Ontem fui ver o Ensaio de orquestra, de Fellini, e voltei encantado, o filme podia ter uma epígrafe de Caetano: “Como é bom poder tocar um instrumento”. Não é?
Venha, venha & venha. Tento te introduzir nos meios televisivos, mas por
enquanto o que vi é abobrinha pura — as histórias de John Fante escrevendo
roteiros em Hollywood perdem. Bobajol. Vale talvez pela grana. Mas é uma côsa
procê usar e cair fora. Hoje à noite vou ver show de Nara Leão cantando só bossanova,
depois tenho um jantar com uma produtora da TV Cultura, Paula Dip, [...]
um programa semanal sobre literatura, ela precisando de um assessor. Mas tudo
neste país rola demais nas coxas, não há penetraçao, entende? Como diz John
Fante: “Please God, please Knut Hamsum, don’t desert me now”. Estou apaixonado por
ele. Dos americanos, é a coisa mais apaixonante que li desde Salinger (imbatível), Procure Ask the dust, e preste atenção nos sapatos de Camila. Manhã de sexta-feira,
meio-dia em ponto, pela janela aquele céu semi-azul de Sampa e uma enorme rosa
cor-de-rosa brotada ontem. Tenho que sair, pagar a conta telefônica, ir ao correio,
depois me vuelvo para trabalhar. Sei que Paulo Renato está no Rio, só não sei como
achá-lo, e fico à espera que ele me ache. Lamentei não ter visto Rosinha Marcovici,
mas adorei cruzar Clarissa (como ela é linda, tchê: é uma petite Gretá Garbô, não?).

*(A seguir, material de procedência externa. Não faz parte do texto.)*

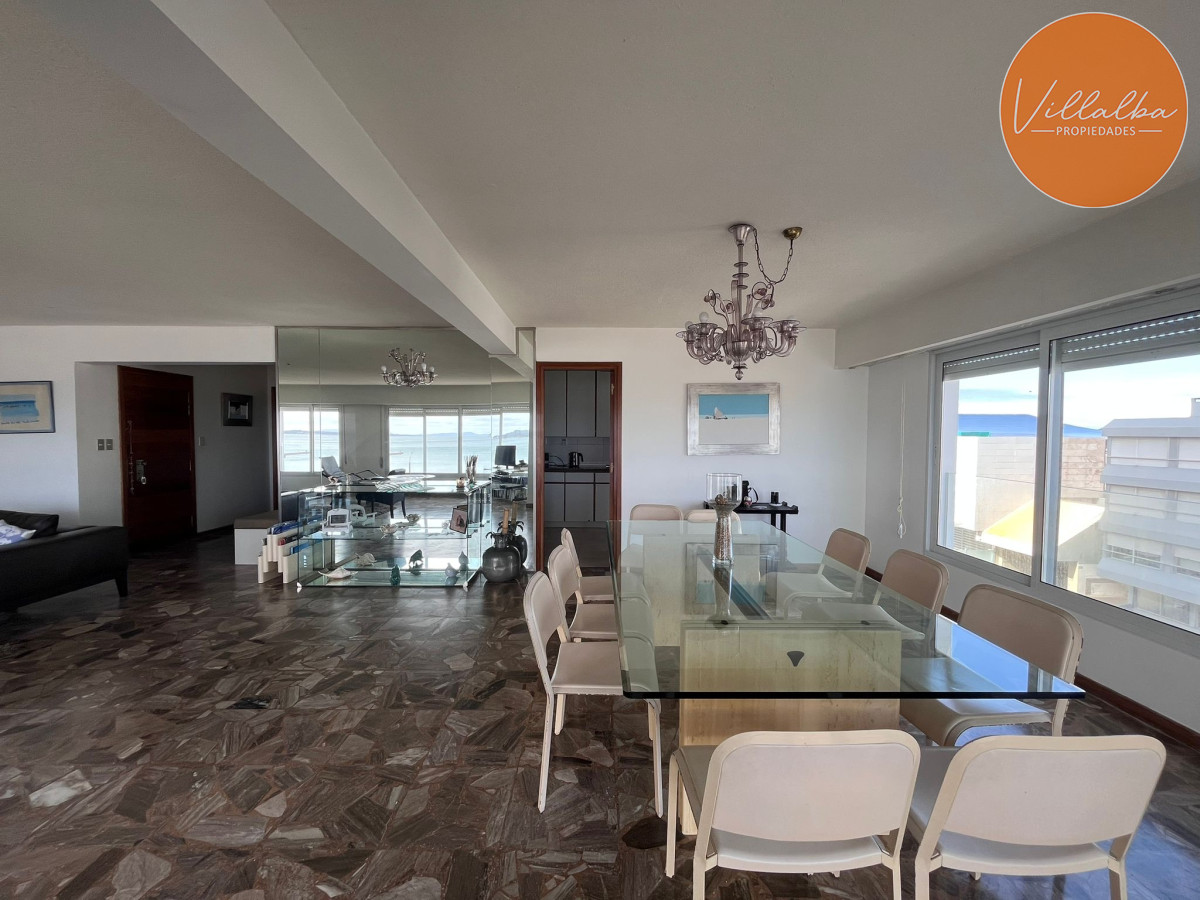 Apartamento ID.3147 - Oportunidad en Playa Mansa - 3 dormitorios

Beije Guto por mim, e diga a ele para ter cuidado com AIDS e overdose — são
meus maiores meeeeeeeedos (esse tipo de medo — gravíssimo — você só
consegue tapando o nariz com o polegar-e-o-indicador). Graça, la Medeiros, diz
que vai até aí em setembro. Me espanto com a facilidade com que as pessoas
conseguem dólare$. Não tenho, definitivamente, a menor capacidade para tal coisa.
Mas me dá notícias, cuide-se bem. Beijo grande & mucho cariño do
Caio F.
(the Christiane’s brother)

PS — Toque bem alto e forte seu instrumento.